Supplied information START

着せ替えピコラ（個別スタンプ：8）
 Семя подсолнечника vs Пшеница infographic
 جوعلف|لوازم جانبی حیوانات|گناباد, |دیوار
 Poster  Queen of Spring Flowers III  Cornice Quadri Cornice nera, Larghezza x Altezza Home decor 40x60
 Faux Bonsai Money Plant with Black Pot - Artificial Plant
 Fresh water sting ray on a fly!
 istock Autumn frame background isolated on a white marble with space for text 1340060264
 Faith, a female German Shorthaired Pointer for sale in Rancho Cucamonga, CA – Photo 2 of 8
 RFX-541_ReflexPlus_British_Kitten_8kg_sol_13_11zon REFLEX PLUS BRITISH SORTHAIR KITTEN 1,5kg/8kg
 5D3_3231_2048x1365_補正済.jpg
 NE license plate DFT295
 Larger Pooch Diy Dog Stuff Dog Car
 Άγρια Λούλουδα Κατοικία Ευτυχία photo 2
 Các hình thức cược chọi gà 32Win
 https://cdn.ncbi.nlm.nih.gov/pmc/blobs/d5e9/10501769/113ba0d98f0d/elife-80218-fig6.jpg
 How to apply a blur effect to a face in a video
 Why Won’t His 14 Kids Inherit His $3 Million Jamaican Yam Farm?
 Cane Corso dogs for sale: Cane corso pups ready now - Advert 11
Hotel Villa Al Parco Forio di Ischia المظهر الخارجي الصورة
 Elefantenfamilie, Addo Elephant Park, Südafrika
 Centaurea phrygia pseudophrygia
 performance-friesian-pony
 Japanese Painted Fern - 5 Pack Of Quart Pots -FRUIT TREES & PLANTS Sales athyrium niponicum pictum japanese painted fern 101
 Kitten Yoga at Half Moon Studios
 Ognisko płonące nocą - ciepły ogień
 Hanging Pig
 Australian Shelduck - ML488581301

Supplied information END

Work to complete. Produce a word-for-word copy of everything above from the line holding "istock Autumn frame" down to the line holding "5D3_3231_2048x1365_補正済.jpg", with both of those lines kept.

Answer to this problem.
 istock Autumn frame background isolated on a white marble with space for text 1340060264
 Faith, a female German Shorthaired Pointer for sale in Rancho Cucamonga, CA – Photo 2 of 8
 RFX-541_ReflexPlus_British_Kitten_8kg_sol_13_11zon REFLEX PLUS BRITISH SORTHAIR KITTEN 1,5kg/8kg
 5D3_3231_2048x1365_補正済.jpg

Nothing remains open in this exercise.